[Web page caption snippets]

==================================================

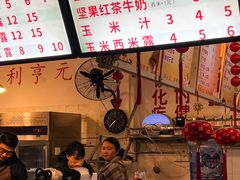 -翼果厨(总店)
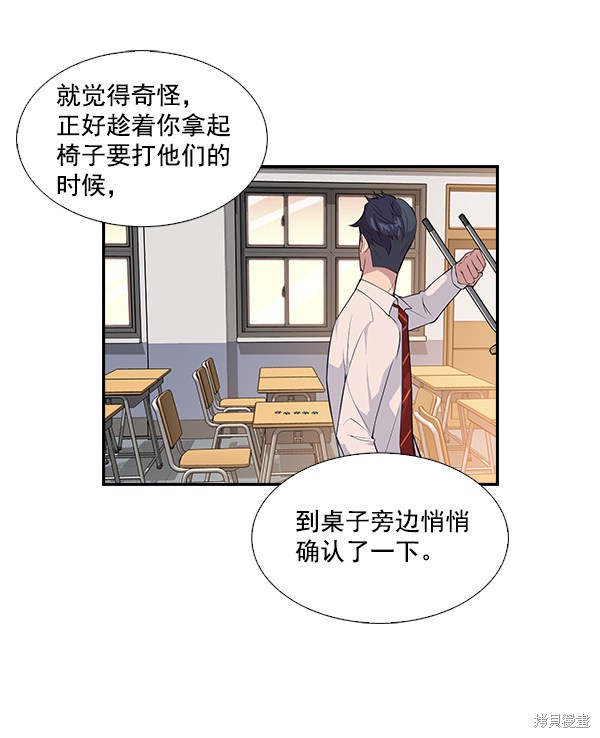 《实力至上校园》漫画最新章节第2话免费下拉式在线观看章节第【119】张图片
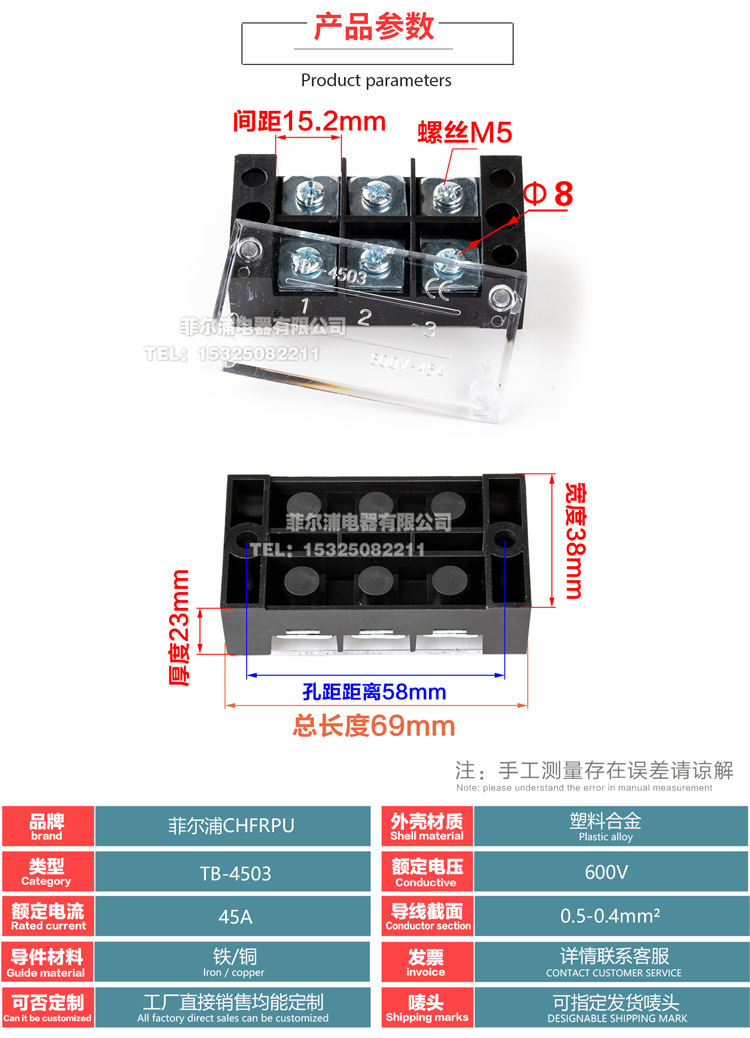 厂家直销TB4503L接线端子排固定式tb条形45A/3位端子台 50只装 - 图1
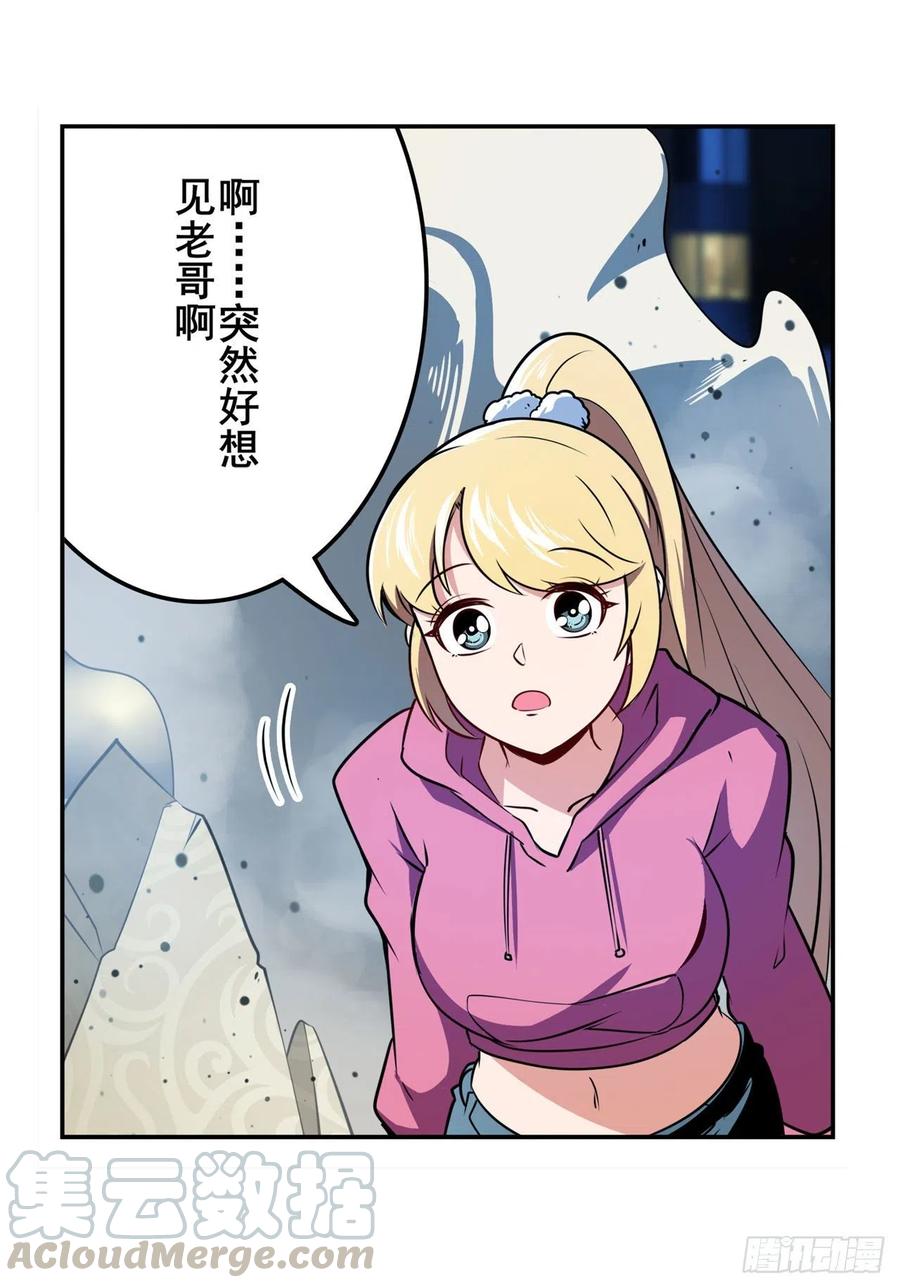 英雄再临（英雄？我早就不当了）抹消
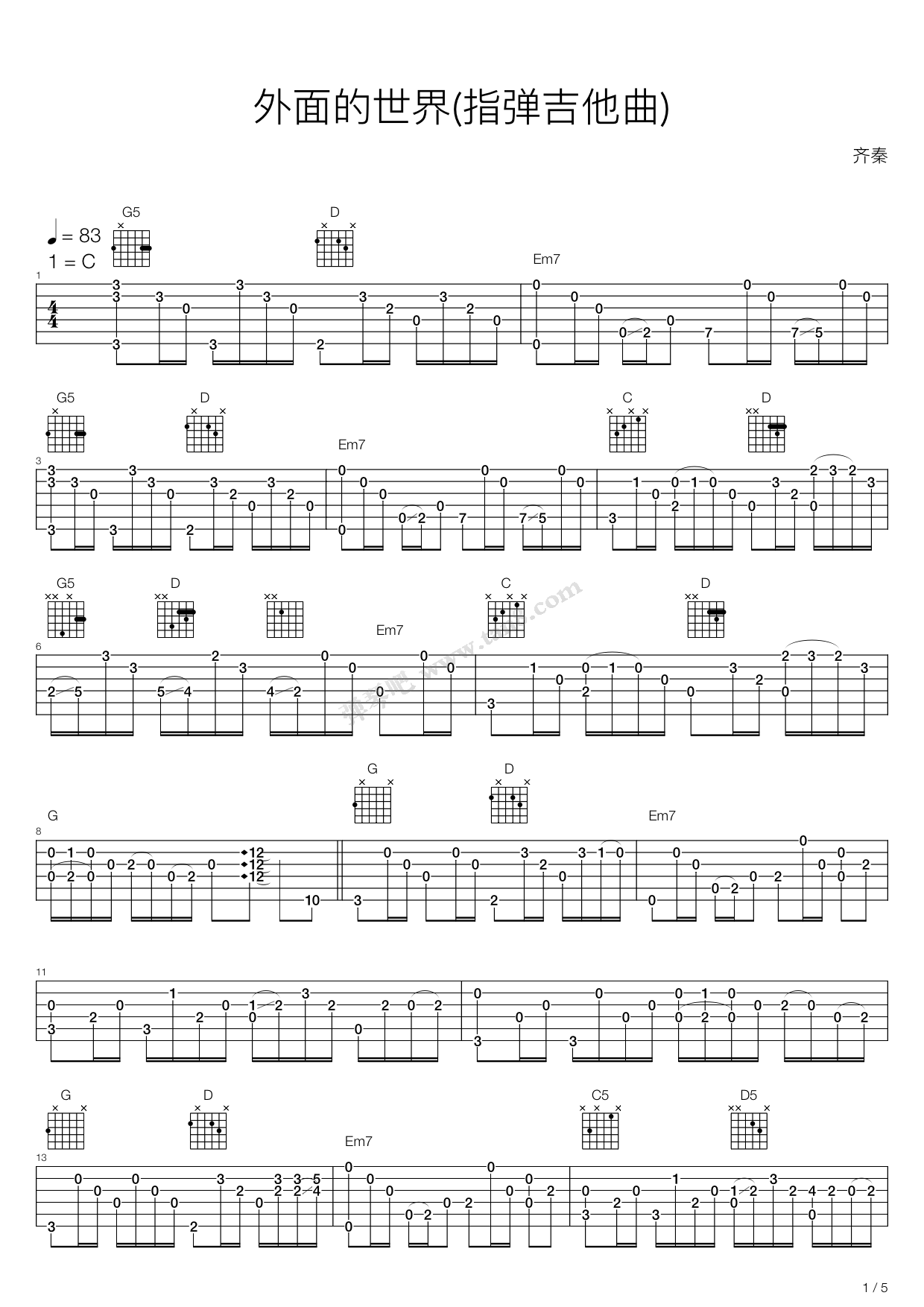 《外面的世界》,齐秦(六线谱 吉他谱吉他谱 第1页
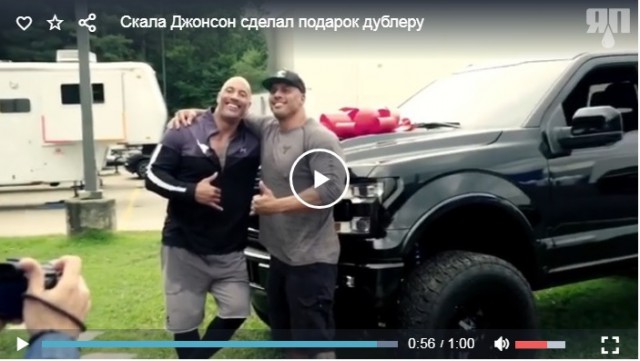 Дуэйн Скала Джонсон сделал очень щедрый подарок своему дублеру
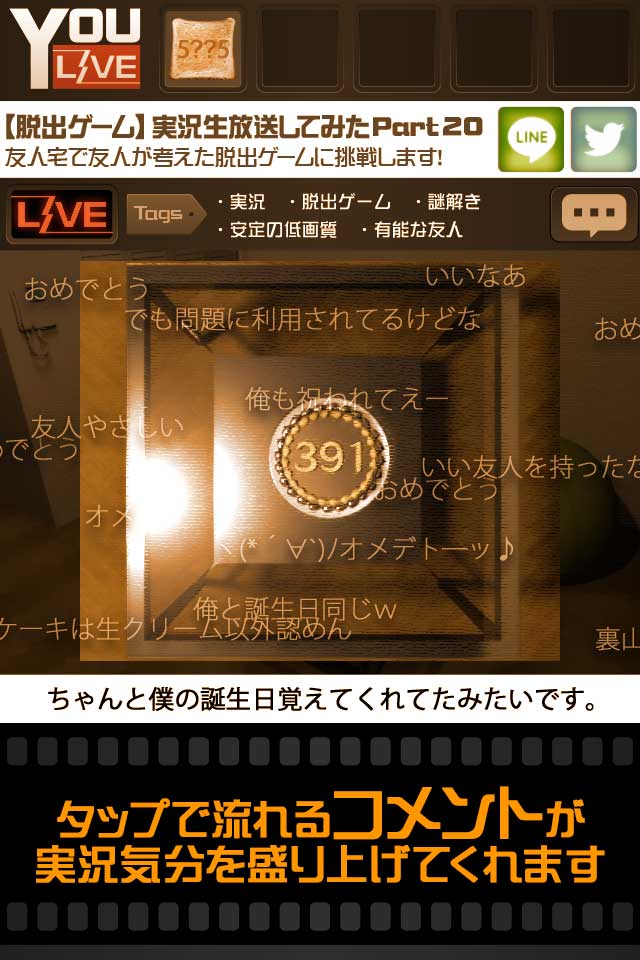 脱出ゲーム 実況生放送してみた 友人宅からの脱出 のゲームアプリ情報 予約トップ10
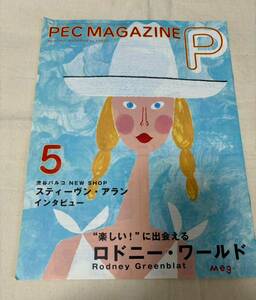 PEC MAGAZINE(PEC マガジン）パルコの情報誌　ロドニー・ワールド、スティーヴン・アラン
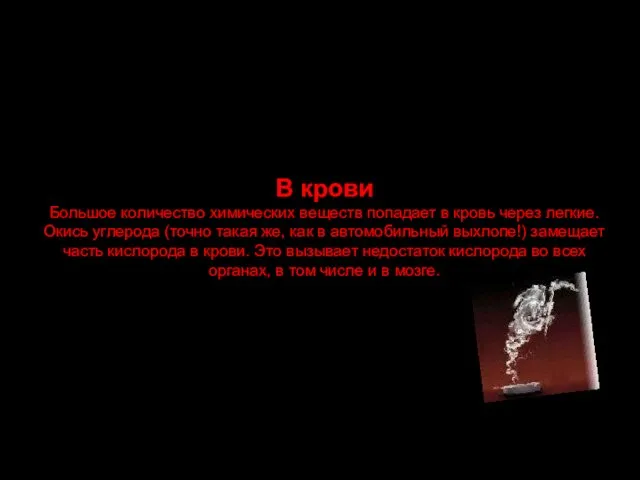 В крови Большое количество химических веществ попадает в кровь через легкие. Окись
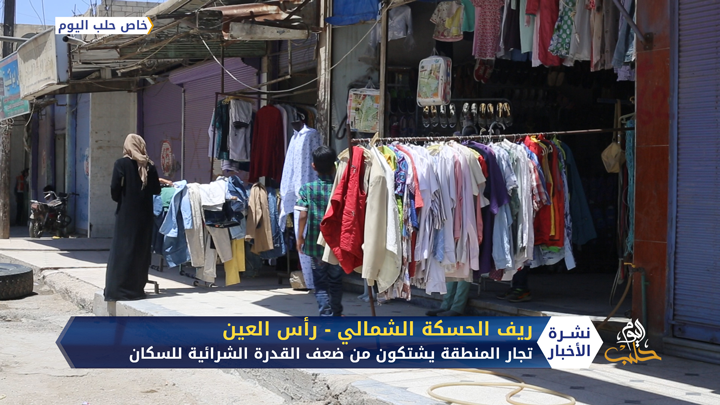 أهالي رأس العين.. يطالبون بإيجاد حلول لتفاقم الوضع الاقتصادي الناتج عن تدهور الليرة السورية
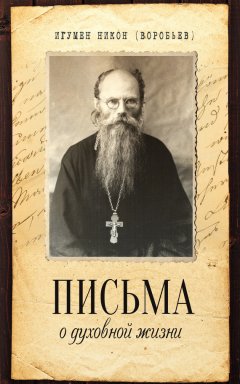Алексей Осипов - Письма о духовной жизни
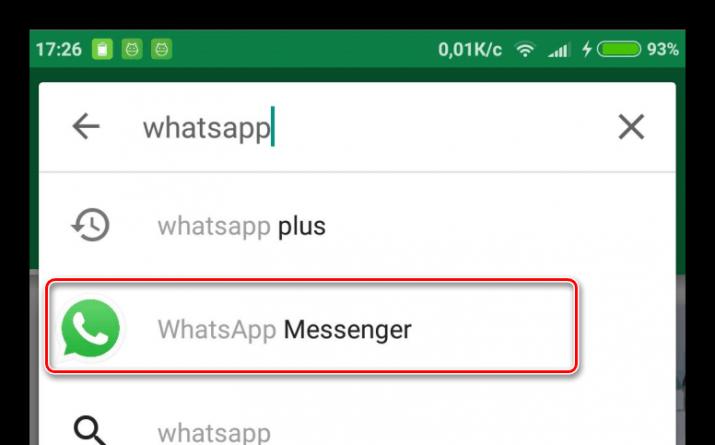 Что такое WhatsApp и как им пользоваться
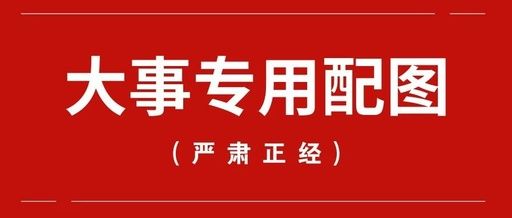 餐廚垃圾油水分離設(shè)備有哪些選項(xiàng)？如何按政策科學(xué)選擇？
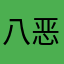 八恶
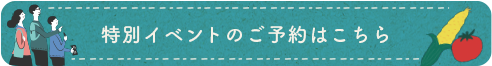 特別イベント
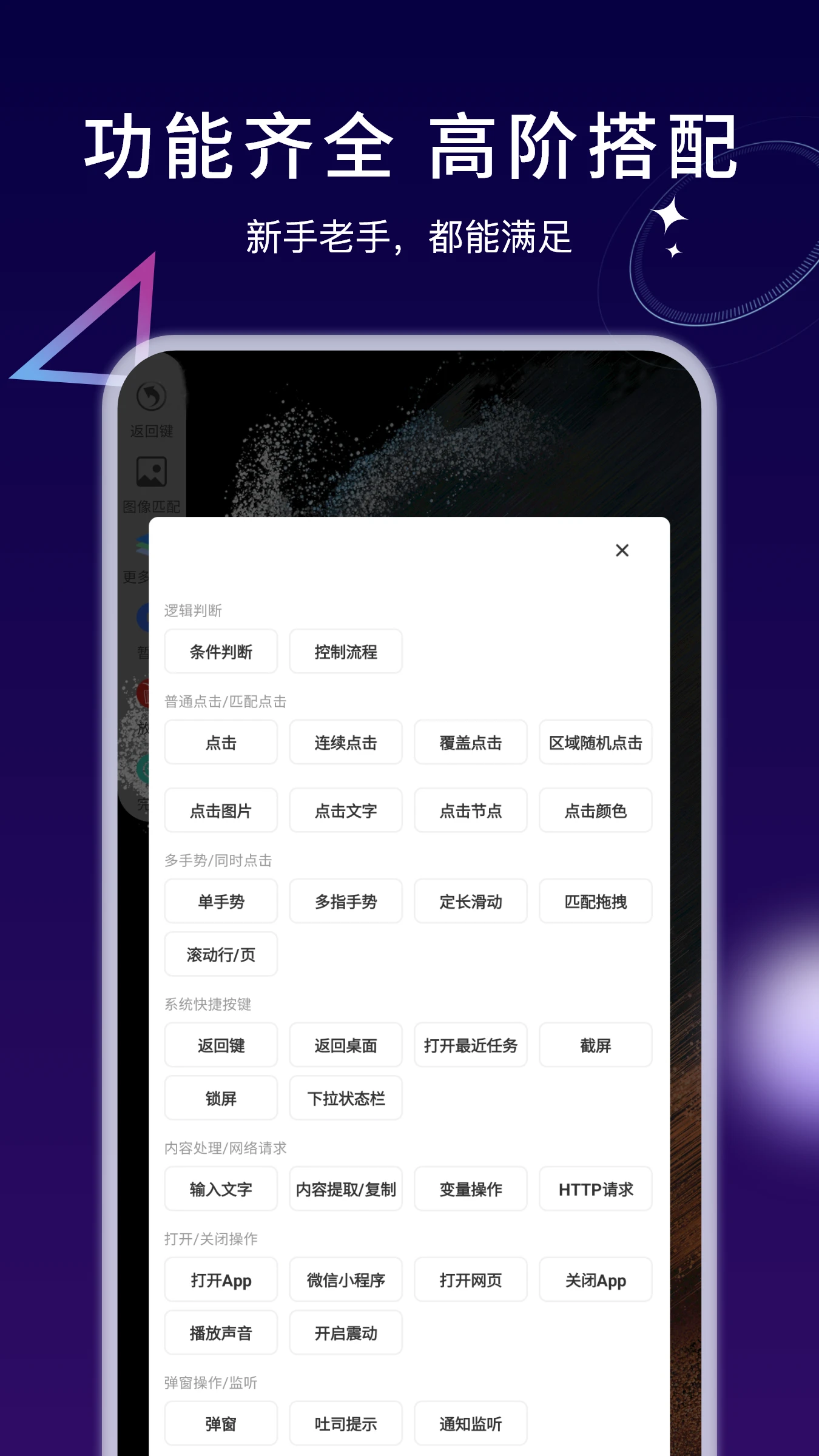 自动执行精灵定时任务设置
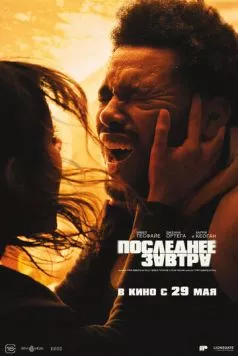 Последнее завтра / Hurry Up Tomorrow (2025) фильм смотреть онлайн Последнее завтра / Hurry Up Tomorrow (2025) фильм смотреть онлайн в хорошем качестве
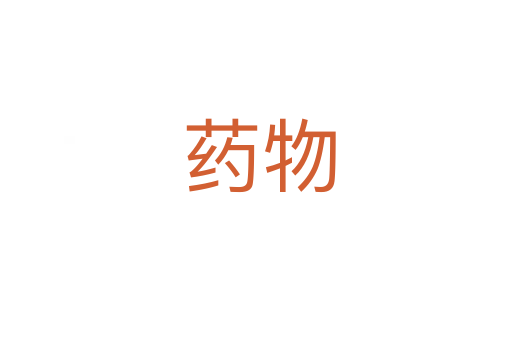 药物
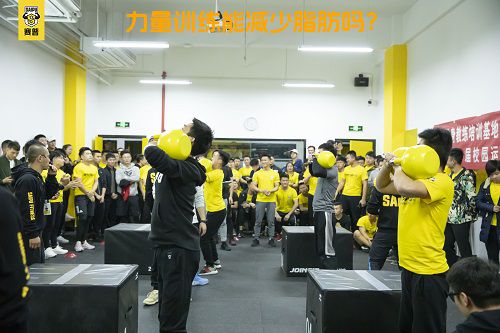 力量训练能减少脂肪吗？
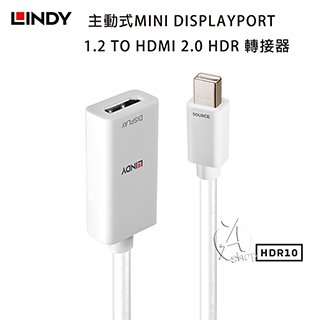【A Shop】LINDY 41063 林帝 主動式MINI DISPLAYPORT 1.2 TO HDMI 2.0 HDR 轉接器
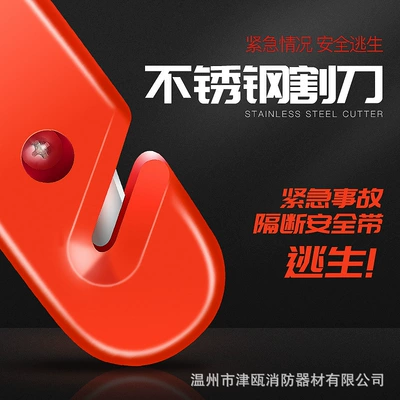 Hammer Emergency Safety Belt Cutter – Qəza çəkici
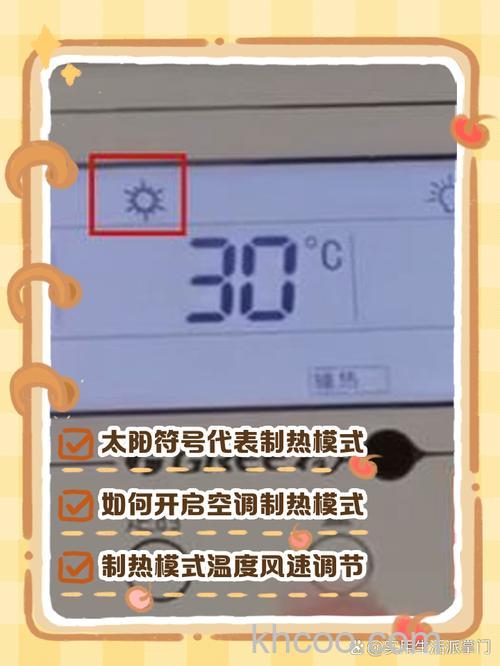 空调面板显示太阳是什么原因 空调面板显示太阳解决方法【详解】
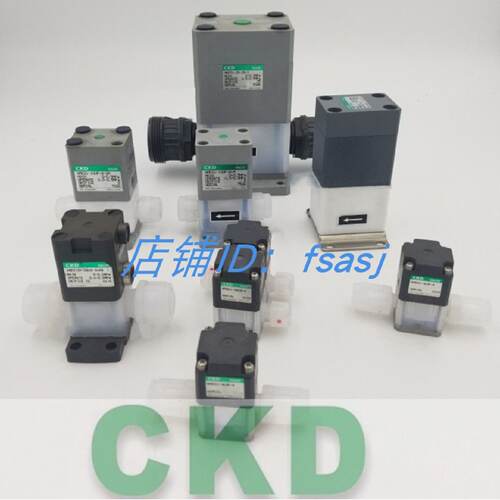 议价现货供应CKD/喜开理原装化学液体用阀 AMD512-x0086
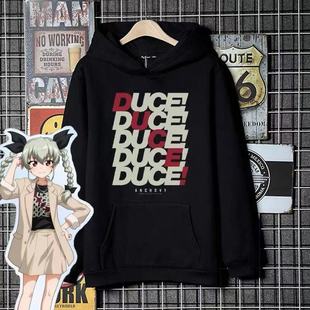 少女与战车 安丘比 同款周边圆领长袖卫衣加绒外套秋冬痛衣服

==================================================

(Problem to work on) Write the entries out again exactly as they appear, with the pictures omitted.

(Expected answer)
 -翼果厨(总店)
 《实力至上校园》漫画最新章节第2话免费下拉式在线观看章节第【119】张图片
 厂家直销TB4503L接线端子排固定式tb条形45A/3位端子台 50只装 - 图1
 英雄再临（英雄？我早就不当了）抹消
 《外面的世界》,齐秦(六线谱 吉他谱吉他谱 第1页
 Дуэйн Скала Джонсон сделал очень щедрый подарок своему дублеру
 脱出ゲーム 実況生放送してみた 友人宅からの脱出 のゲームアプリ情報 予約トップ10
 PEC MAGAZINE(PEC マガジン）パルコの情報誌　ロドニー・ワールド、スティーヴン・アラン
 В крови Большое количество химических веществ попадает в кровь через легкие. Окись
 أهالي رأس العين.. يطالبون بإيجاد حلول لتفاقم الوضع الاقتصادي الناتج عن تدهور الليرة السورية
Алексей Осипов - Письма о духовной жизни
 Что такое WhatsApp и как им пользоваться
 餐廚垃圾油水分離設(shè)備有哪些選項(xiàng)？如何按政策科學(xué)選擇？
 八恶
 特別イベント
 自动执行精灵定时任务设置
 Последнее завтра / Hurry Up Tomorrow (2025) фильм смотреть онлайн Последнее завтра / Hurry Up Tomorrow (2025) фильм смотреть онлайн в хорошем качестве
 药物
 力量训练能减少脂肪吗？
【A Shop】LINDY 41063 林帝 主動式MINI DISPLAYPORT 1.2 TO HDMI 2.0 HDR 轉接器
 Hammer Emergency Safety Belt Cutter – Qəza çəkici
 空调面板显示太阳是什么原因 空调面板显示太阳解决方法【详解】
 议价现货供应CKD/喜开理原装化学液体用阀 AMD512-x0086
 少女与战车 安丘比 同款周边圆领长袖卫衣加绒外套秋冬痛衣服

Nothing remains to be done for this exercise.